Cinque cose utili (o forse no) che ho imparato sulla scrittura
Una premessa doverosa: non sono una scrittrice. Ho scritto dei racconti, ho scritto dei romanzi ma – al momento presente (21 ottobre 2016) – non ho ancora pubblicato nulla (almeno: non con una casa editrice a livello nazionale). Scrivo però – per lavoro – da parecchi anni: testi pubblicitari, narrazioni aziendali, eccetera. Nel 2016 ho frequentato la Bottega di narrazione: ho prodotto, in questi undici mesi, fra romanzi e racconti, oltre due milioni di battute (per la precisione: 2.030.942, spazi compresi). La metà circa le ho scartate. Credo di essermi fatta – durante questo tempo e grazie alle battute scritte – un’idea abbastanza precisa di cosa significhi, per me, scrivere. Nelle ultime due settimane – da sabato 8 ottobre a oggi (venerdì 21 ottobre) – non ho scritto nulla. Ho scritto moltissimo, per la verità: testi per i miei clienti, post su questo blog, progetti, post su Facebook. Nulla, tuttavia, che potesse considerarsi “letteratura”. Credo di essermi fatta – durante questo tempo e grazie alle battute non scritte – un’idea abbastanza precisa di cosa significhi, per me, non scrivere.

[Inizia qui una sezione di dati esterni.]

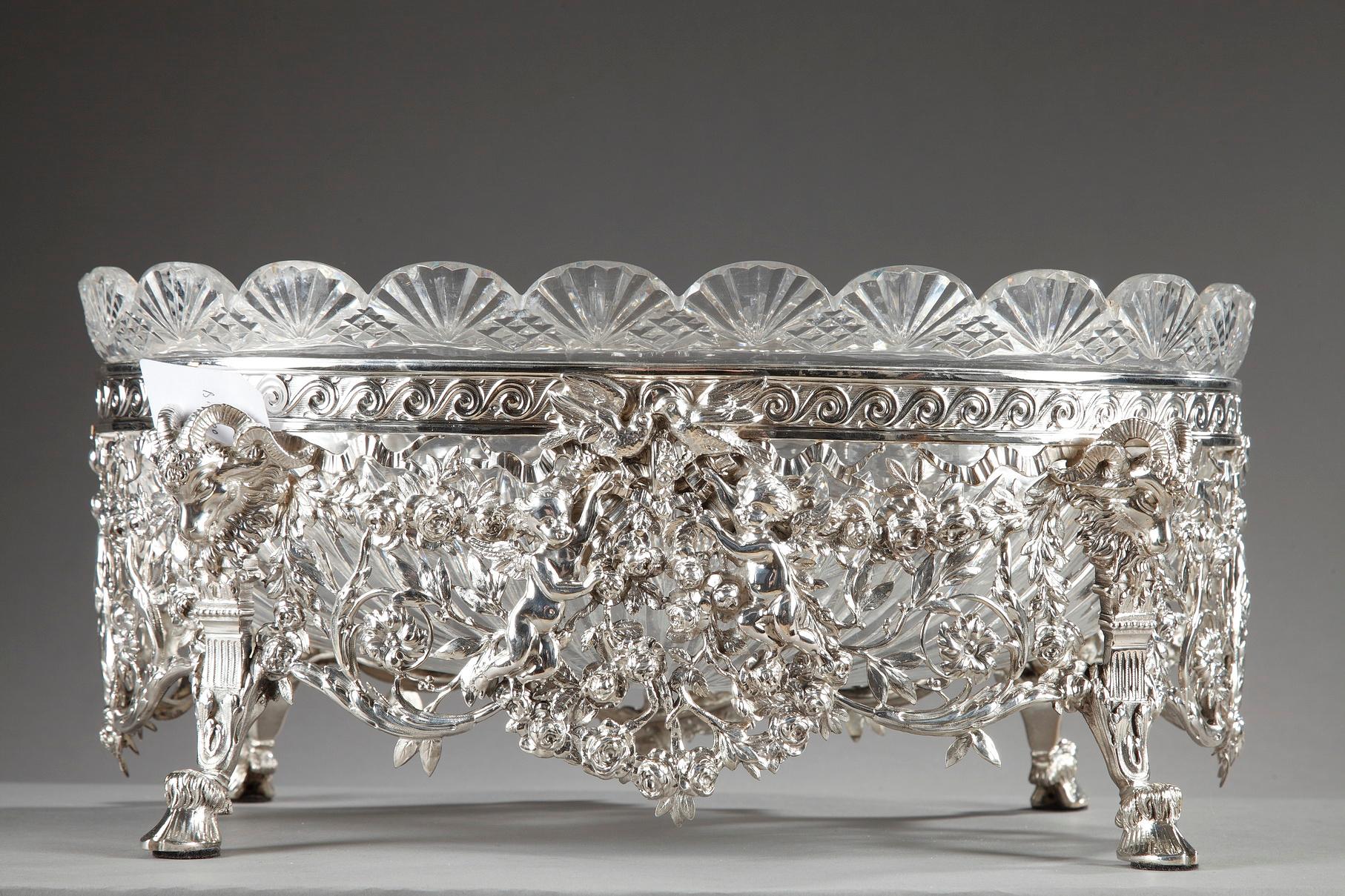 Silver jardinière composed of a cut-crystal, oval bowl resting in a silver frame. The scalloped edge of the crystal bowl is decorated with radiating and diamond-shaped patterns. The silver frame is richly decorated with openwork ribbons, Greek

Un’altra premessa ancora più doverosa: i “bisogna” che seguono sono personali e del tutto opinabili. Alcune cose mi sono state insegnate (e ringrazio Giulio Mozzi e Gabriele Dadati e testi come: (non) Un corso di scrittura e narrazione e L’officina della parola). Altre le ho imparate da me, scrivendo (e potrebbero – dunque – esser valide solo nel mio caso). Se questi “bisogna” saranno di giovamento a qualcuno, ne sarò felice. Restano, in ogni caso, un buon promemoria per me (e un ricordo di quest’anno, perché no).
- Per scrivere bisogna esitare (ma anche no).

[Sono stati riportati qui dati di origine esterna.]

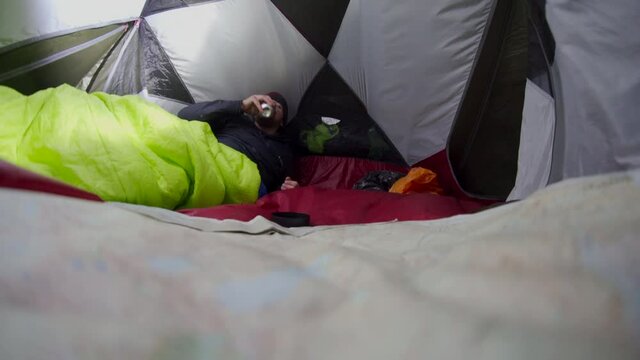 A man inside a tent drinking beer wearing a hat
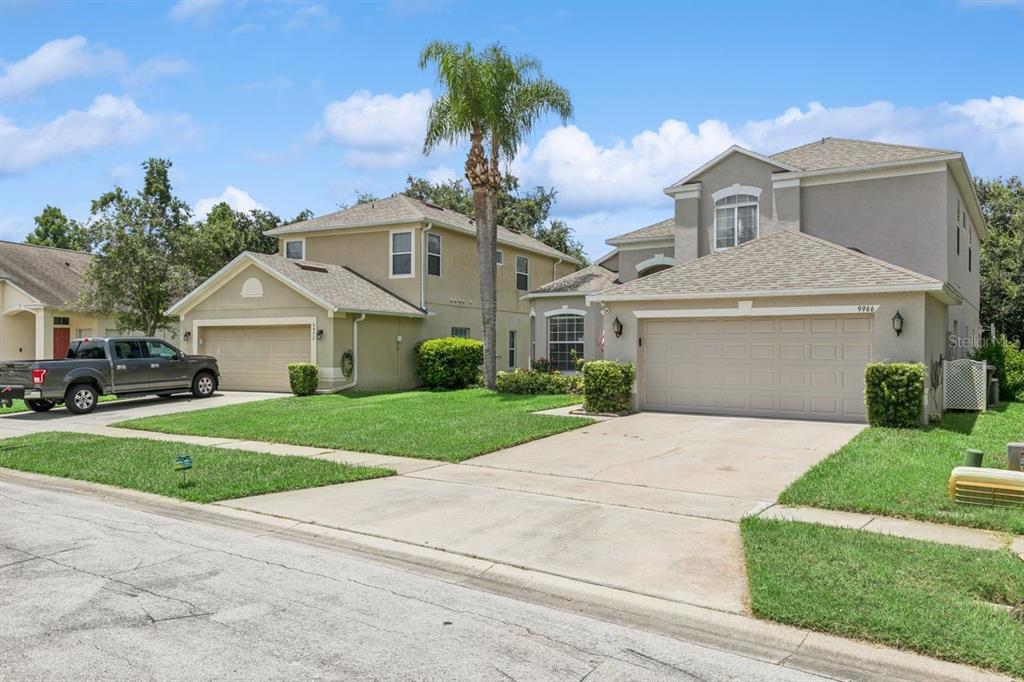 Two two-story suburban houses with attached garages and driveways under a blue sky — 9966 HIDDEN DUNES LANE, ORLANDO, FL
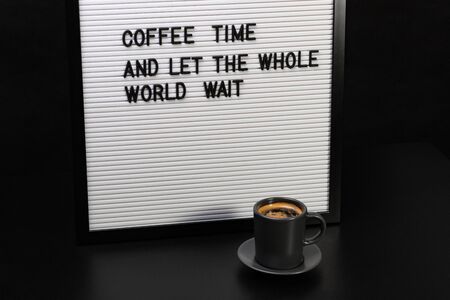 Cup of coffee and a letter board with inscription.の写真素材
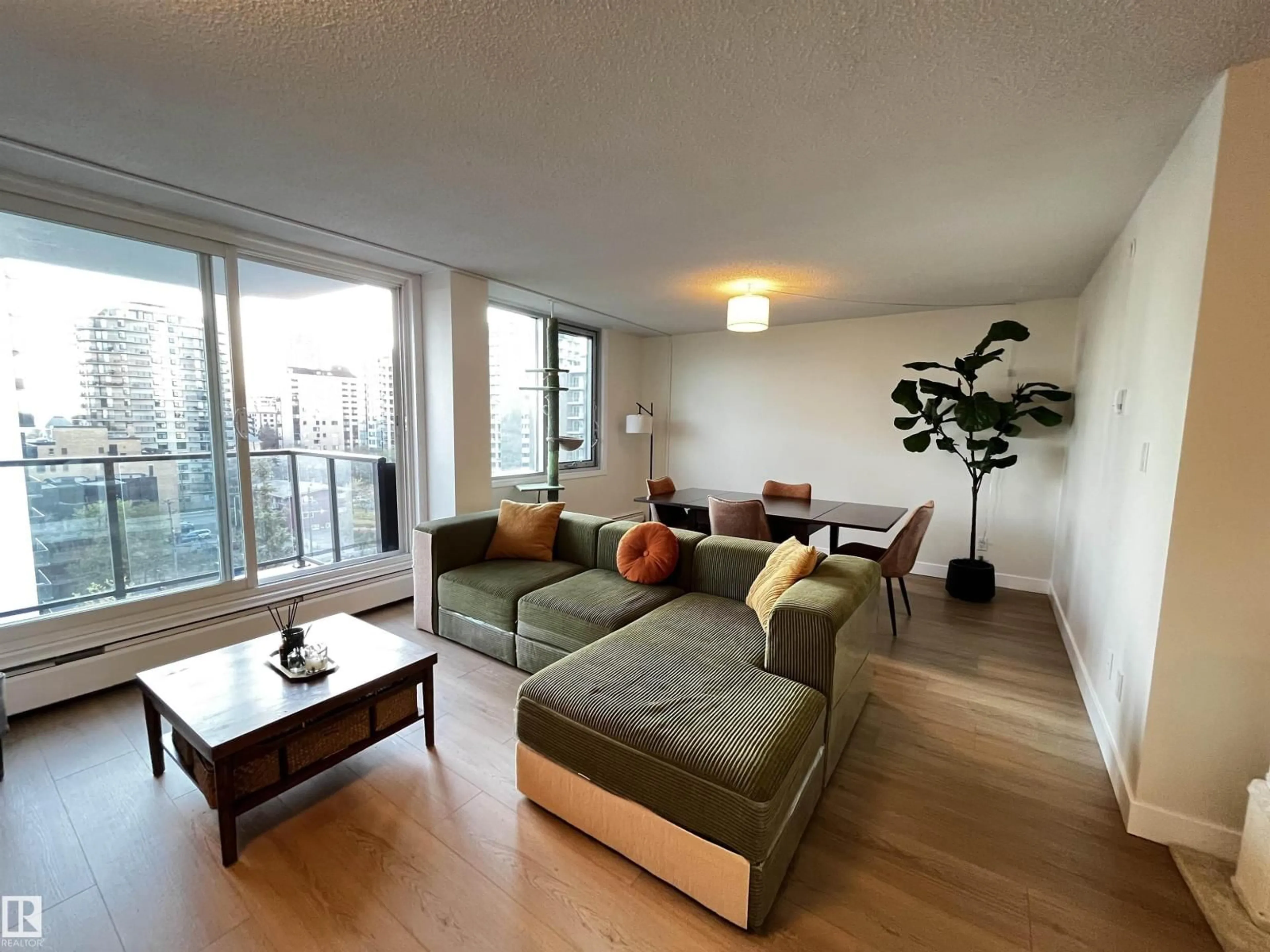 Living room with furniture, wood/laminate floor for #807 - 10011 116 ST, Edmonton Alberta T5K1V4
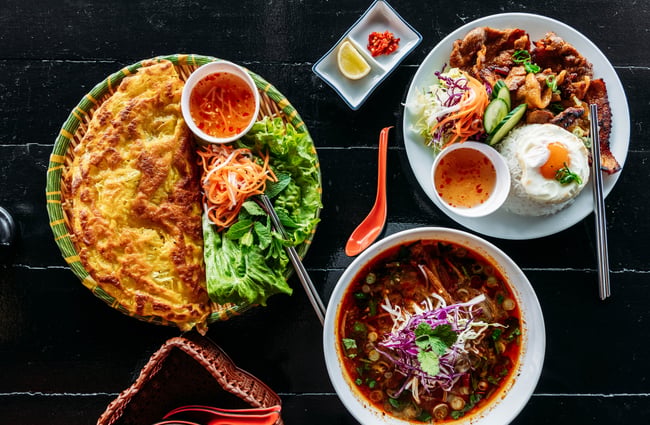 Flatlay of food dishes at Saigon '60s.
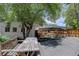 Large backyard with a wooden fence, mature tree, and a charming dining area at 1315 Gaylord St, Denver, CO 80206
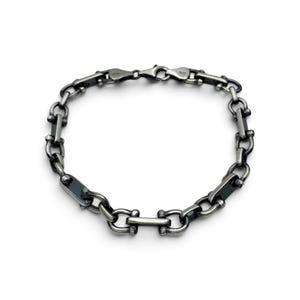 Könnte beinhalten: Ein dunkel silberfarbenes Metallkettenarmband mit einer Reihe von sich wiederholenden U-förmigen Gliedern, die durch flache rechteckige Stäbe verbunden sind. Das Armband ist kreisförmig angeordnet und hat einen sicheren Karabinerverschluss.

Di esitazione parla diffusamente Giulio Mozzi, qui. In due parole: la scrittura è vischiosa e intervenire sul testo una volta che è stato scritto è cosa assai difficile. Ergo: non ha senso sciupare, per fretta o smania, un’immaginazione incompleta. Confermo: è successo anche a me. Intervenire, specialmente, a livello di voce narrante è molto, molto faticoso. Eppure. Avere un’immaginazione completa, perfettamente compiuta prima di azzardarsi a scrivere un solo rigo è cosa fattibile (io lo faccio) con i racconti. Un romanzo funziona, credo, un po’ diversamente. Il nucleo drammatico alla base di un romanzo si estrinseca nelle relazioni che i personaggi costruiscono fra loro: io posso formarmi, prima di partire, un’idea piuttosto accurata del ruolo che questi personaggi hanno, dello scopo o del desiderio che – più o meno consapevolmente – li muove (piuttosto che della loro psicologia, che vale quel che vale) e delle relazioni che da questo derivano. Ma finché non li vedrò agire, realmente, sulla carta (certo: monitor del pc; ma carta è più fascinoso), finché non li descriverò scena per scena, battuta per battuta, movimento per movimento io non potrò mai dire di conoscerli per davvero. Esiste un personaggio ideale: e sta nella mia testa, prima che io cominci a scrivere. Ed esiste un personaggio reale (benché fittizio): si forma, nel testo, giorno dopo giorno, mese dopo mese; è diverso da quello che io mi ero prefigurata (un poco diverso? molto diverso?) perché – nella sua coerenza di personaggio che deve rendere conto solo a se stesso – dice e fa cose che io, all’inizio, mai avrei immaginato potesse dire o fare (magari perché a me, come autrice, come persona, non garbano molto). Nello scrivere esiste, secondo me, una componente di sorpresa della quale occorre tener conto: ed è una sorpresa che nasce, paradossalmente, dalla coerenza piuttosto che dall’anarchia. È la nostra immaginazione che arriva a stupirci, a presentarsi a noi come se la incontrassimo per la prima volta, come se fosse stata prodotta da qualcun altro. Per dire: quando inizio a scrivere un romanzo conosco sempre il finale; e puntualmente, circa a metà dell’opera, lo modifico (questo significa che mi tocca, poi, rivedere tutto ciò che sta prima; scrivere vuol dire soprattutto riscrivere).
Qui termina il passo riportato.